(Brief descriptive captions)
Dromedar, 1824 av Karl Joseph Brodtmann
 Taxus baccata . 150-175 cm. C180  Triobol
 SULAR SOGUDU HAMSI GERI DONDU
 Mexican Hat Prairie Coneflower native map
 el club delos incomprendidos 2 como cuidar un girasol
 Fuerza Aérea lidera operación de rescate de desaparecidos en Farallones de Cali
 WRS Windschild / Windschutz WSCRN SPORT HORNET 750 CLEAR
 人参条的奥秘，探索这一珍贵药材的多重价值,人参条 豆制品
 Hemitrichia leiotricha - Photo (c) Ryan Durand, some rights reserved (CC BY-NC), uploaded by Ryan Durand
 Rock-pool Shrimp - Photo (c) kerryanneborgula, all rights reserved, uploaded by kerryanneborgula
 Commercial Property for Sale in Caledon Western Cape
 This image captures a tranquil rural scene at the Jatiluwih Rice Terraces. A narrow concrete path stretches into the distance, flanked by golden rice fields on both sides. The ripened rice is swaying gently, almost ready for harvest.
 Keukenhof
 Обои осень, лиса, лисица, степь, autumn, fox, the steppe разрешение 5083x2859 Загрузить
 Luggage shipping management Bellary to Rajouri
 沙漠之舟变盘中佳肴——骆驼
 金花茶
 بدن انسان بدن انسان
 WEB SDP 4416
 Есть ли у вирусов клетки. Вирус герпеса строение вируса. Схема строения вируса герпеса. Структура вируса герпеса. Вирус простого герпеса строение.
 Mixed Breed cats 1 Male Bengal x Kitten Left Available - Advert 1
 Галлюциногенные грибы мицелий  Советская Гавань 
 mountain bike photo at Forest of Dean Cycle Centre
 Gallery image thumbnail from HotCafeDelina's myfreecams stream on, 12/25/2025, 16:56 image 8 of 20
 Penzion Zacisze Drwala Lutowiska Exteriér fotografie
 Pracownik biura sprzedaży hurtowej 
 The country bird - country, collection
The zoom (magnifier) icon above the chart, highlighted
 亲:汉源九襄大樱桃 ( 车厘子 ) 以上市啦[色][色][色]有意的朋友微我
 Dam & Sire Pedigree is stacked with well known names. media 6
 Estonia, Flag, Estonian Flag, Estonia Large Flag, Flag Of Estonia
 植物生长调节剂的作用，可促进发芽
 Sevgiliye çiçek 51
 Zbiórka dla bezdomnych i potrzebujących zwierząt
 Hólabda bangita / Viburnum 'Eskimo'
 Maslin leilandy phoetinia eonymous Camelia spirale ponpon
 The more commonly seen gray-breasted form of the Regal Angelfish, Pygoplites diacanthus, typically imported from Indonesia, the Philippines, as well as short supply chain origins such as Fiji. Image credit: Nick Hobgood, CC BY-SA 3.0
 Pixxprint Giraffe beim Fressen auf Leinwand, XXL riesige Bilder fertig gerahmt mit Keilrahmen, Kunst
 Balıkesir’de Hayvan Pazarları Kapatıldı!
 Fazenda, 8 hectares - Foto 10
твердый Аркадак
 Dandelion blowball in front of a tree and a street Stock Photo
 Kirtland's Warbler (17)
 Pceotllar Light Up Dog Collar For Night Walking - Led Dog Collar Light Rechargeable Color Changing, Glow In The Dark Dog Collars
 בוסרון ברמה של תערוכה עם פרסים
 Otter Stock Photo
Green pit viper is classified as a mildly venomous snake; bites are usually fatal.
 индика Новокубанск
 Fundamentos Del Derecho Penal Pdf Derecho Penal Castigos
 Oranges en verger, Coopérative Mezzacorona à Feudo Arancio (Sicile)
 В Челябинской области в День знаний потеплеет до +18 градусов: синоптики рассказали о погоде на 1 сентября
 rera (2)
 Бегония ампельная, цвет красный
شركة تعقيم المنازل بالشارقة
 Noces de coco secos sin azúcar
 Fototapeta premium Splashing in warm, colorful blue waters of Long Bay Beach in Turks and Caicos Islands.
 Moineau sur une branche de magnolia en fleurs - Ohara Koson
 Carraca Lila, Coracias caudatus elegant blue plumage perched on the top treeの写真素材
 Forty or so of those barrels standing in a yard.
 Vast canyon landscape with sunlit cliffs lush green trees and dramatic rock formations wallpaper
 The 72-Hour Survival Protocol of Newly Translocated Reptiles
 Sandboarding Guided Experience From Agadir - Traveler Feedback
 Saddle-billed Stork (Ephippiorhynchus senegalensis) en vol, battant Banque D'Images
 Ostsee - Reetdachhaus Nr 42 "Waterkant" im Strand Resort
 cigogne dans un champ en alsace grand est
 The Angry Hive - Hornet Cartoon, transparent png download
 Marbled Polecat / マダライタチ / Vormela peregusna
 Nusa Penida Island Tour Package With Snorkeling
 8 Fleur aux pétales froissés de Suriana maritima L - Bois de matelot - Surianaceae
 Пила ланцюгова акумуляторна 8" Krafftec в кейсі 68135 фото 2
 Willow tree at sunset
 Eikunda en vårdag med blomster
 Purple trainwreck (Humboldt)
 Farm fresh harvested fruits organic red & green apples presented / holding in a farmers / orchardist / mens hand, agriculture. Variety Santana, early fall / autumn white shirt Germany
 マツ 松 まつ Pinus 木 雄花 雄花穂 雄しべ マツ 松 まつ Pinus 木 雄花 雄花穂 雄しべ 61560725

Task:
Looking at the data above, write out exactly the lines that start at the one containing "Commercial Property for" and end at the one containing "Обои осень, лиса, лисица, степь, autumn, fox, the"; include both and nothing beyond.

The answer:
 Commercial Property for Sale in Caledon Western Cape
 This image captures a tranquil rural scene at the Jatiluwih Rice Terraces. A narrow concrete path stretches into the distance, flanked by golden rice fields on both sides. The ripened rice is swaying gently, almost ready for harvest.
 Keukenhof
 Обои осень, лиса, лисица, степь, autumn, fox, the steppe разрешение 5083x2859 Загрузить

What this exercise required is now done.